My intention for this blog has always been to provide a
positive thought for the day. To use
Fiction to inspire you, to help you look on the world around you, and imagine
the limitless possibilities each day represents. Yet today I find my thoughts in confusion, and my spirits depressed.
Why? Four words: “Star Trek Into
Darkness.”
I know what you’re thinking: David, how can you let two
hours of light entertainment get you down?
That’s the problem. Star
Trek is supposed to be more than light entertainment. Generally speaking, each episode of the TV series was designed to make viewers think, particularly in regard to social issues of
the day. Gene Roddenberry’s first story, "The Cage," proved so thought-provoking that I dedicated over thirty posts to it,
and I still didn’t cover one underlying concept of the pilot: the enduring
popularity of the Adam and Eve story in Science Fiction. Sadly, "Star Trek Into Darkness" likewise
provided much food for thought, but probably not in the way J. J. Abrams and
company intended.
Vena in "The Cage" |
One thought was how attitudes toward sex have changed since
the 1960s, and how those affect our characters.
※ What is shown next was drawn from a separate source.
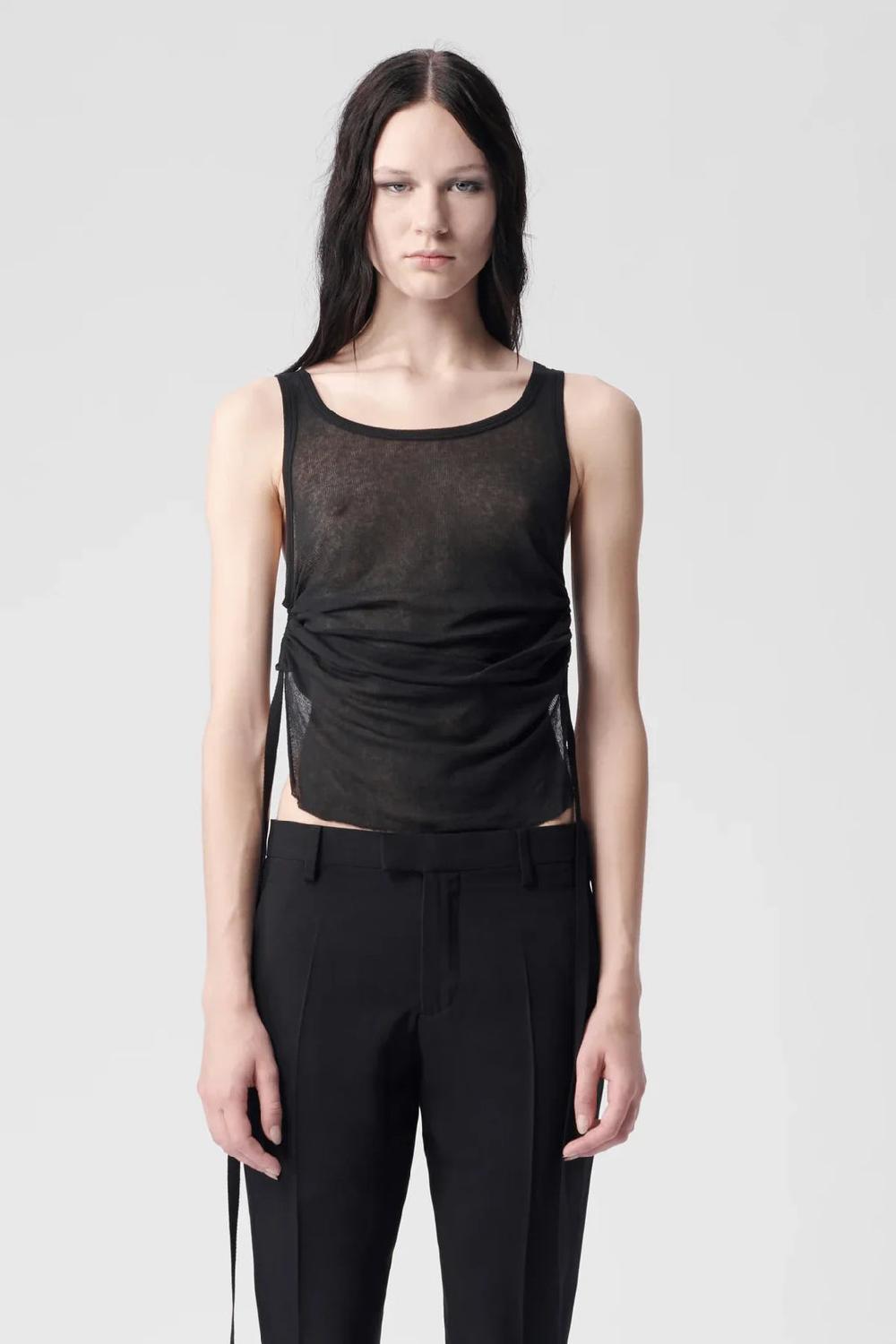 ann demeulemeester Mara Wrinkled Cropped Tank Top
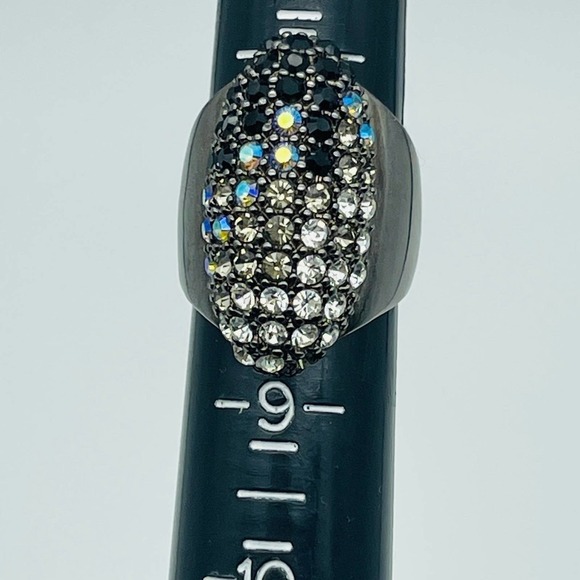 Multi-Color Rhinestones Wide Black Ring Size 8 - Picture 7 of 8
In “The Cage,” Captain Pike works hard to resist Vena in all her
guises. Chief among those was when she
transforms into a “Green Animal Slave Woman,” as his chief medical officer, Dr.
Phil, calls them. These women represent
sex in its most basic and powerful form, when one’s basic urges become an
obsession, driving out all thought and reason.
The fact that Pike resists Vena in her Woman-Plus mode helps us respect
his dedication to his own moral code, as well as his commitment to the U.S.S.
Enterprise and her crew.
In the TV series, Kirk seems a little looser. Perhaps he might not have a woman in every
port, but he certainly has a lot of previous girlfriends who still think rather
highly of him. Yet in the episodes, we
rarely see him in lovemaking mode, and usually when this occurs, he is shown
resisting a woman who seeks to control him through sex and his feelings for
her. For him, sex may not be
inextricably linked with marriage, as his first and primary commitment is to
the Enterprise, but he generally leaves women with a positive impression of his
character, and the unspoken suggestion that if he was “on the market,” and he
asked for their hand in marriage, they would gladly become Mrs. Kirk.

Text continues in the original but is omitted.